With the pictures removed, the data below must be transcribed in full and exactly.

Segment Start: Dataset extract

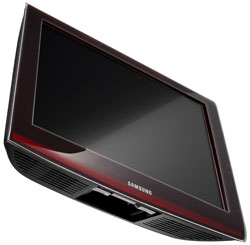 Samsung LE40A676 101.6 cm (40") Full HD Black – image 2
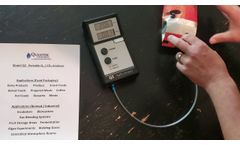 Introduction - Model Q2 portable O2 / CO2 analyzer - Video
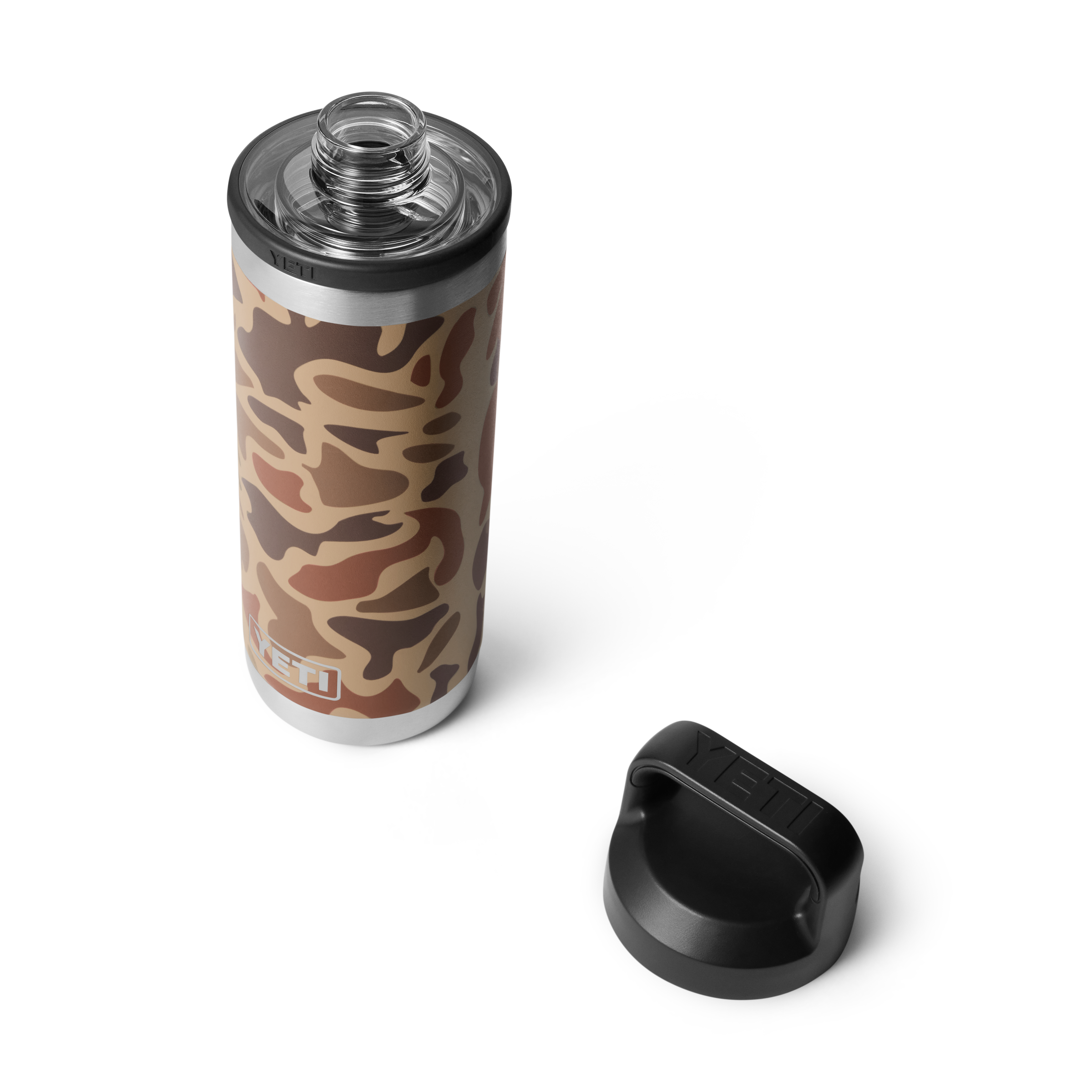 Rambler® 18 oz (532 ml) Bottle With Chug Cap - Image 3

Segment End: Dataset extract

### [Answer to the exercise]
 Samsung LE40A676 101.6 cm (40") Full HD Black – image 2
 Introduction - Model Q2 portable O2 / CO2 analyzer - Video
 Rambler® 18 oz (532 ml) Bottle With Chug Cap - Image 3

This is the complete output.